Data Scraping

Objectives

  • Identify situations where data scraping would be beneficial

  • Understand the methods and legality of data scraping

  • Use modules such as Cheerio to scrape data from the web

What is web scraping?

Scraping (Screen Scraping, Web Data Extraction, Web Harvesting, etc) refers to the process of requesting an HTML page and picking out relevant data from the document string. In other words, you can scrape content off of web pages by parsing the html.

Why scrape?

  • no API available

  • API is unreliable/unkept/etc.

  • no fee or call limit (unless a rate-limit is set up)

  • more anonymous than getting data through dev resources

Why not scrape?

  • need to log into site in order to access desired data

  • organization of data makes it hard/laborious to access

  • web page structure frequently changes (program that uses scraped data would need constant updates)

  • copywrite and other legal issues

NOTE: The legality of data scraping and using a site's data may depend on a site's terms of use. Scraping a site and using the data for profit may violate a site's terms of use, so be careful before scraping a site. This is not legal advice, and we are not lawyers, but we recommend that you contact a lawyer if you want to scrape data for a for-profit application.

Getting Started: Scraping Seattle Neighborhoods

Let's try creating a program that will scrape neighborhood data from this site:

https://visitseattle.org/partners/?frm=partners&ptype=visitors-guide&s=&neighborhood=Capitol+Hill

To get started, create a new folder, and initialize npm. We'll also want to install two modules:

  • request - for accessing external resources via HTTP

  • cheerio - essentially, this is server side jQuery. We will be using this to traverse the data we get back from our request.

Step 1: Get the HTML document

There are multiple ways to get an HTML document, but we'll use the request module in this example. To scrape data from the site, we need to request the webpage. In a getbusinesses.js file, import the request, then make a request to the Seattle Neigbhborhoods website.

const request = require('request')
const URL = 'https://visitseattle.org/partners/?frm=partners&ptype=visitors-guide&s=&neighborhood=Capitol+Hill'

request(URL, (error, response, body) => {
    console.log(body);
});

Run the program and take a look at your output. What did the request return?

Look over the Cheerio Documentation - for more info about our next steps.

Step 2: Parse the HTML

The request to the seattle neighborhoods url gave us the entire HTML document string - now we need to parse it in order to pick out the specific data we're looking for. This is where Cheerio comes in! Import Cheerio to your getbusinesses.js:

const cheerio = require('cheerio')

Inside the callback function of request, we'll pass the html we got back into the cheerio.load() function. We store the result, which is a cheerio object, in the dollar sign variable because cheerio is designed to mimic jQuery selectors (though technically, we could store it in any variable we'd like).

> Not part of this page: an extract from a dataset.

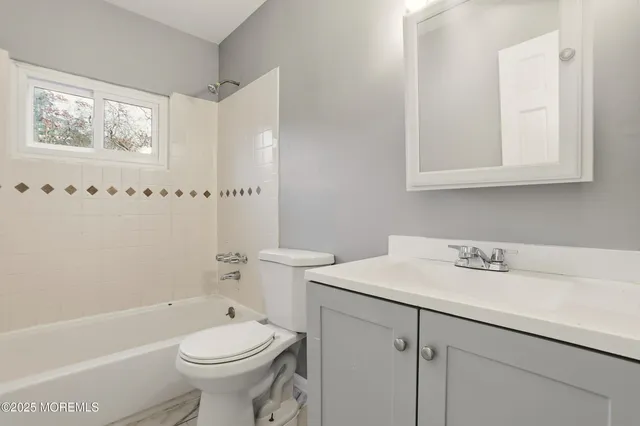 $519,900 | 1184 Dell Street, Toms River, NJ 08755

request(URL, (error, response, body) => {
  let $ = cheerio.load(body);
  console.log($);
});

Run the program and take a look at the cheerio object. How might we find the html again? Does the cheerio object contain a method for this?

Step 3: Identify the content you want to scrape.

  • First you have to identify what content you're looking to scrape and how to access it. Let's aim to scrape the names of all the busineses listed on this page of Capitol Hill businesses. Open the dev tools and inspect the page to see if you can pinpoint the elements that have the relvant information for each result.

Upon some inspection, we can see that the results live inside of a search-results div, which contains a search-results-partner section element. Inside that there is a search-result-container div that has a search-result div for each result.

Let's try to target the name of the first business. Inspect the first search-result div and identify exactly where the business name lives.

The business name can be found inside the search-result-preview div as both the title of the nested a tag, as well as the h3 child of that anchor.

First let's grab the first search-result-preview element. Cheerio uses jQuery selectors to identify elements.

request(URL, (error, response, body) => {
    let $ = cheerio.load(body);
    let result = $('.search-result-preview').html();
    console.log(result)
});

Now let's target the title attribute:

request(URL, (error, response, body) => {
    let $ = cheerio.load(body)
    let result = $('.search-result-preview').find('a').attr('title');
    console.log(result)
});

Great! Now we know how to find the title of one business, but how do we get all of them?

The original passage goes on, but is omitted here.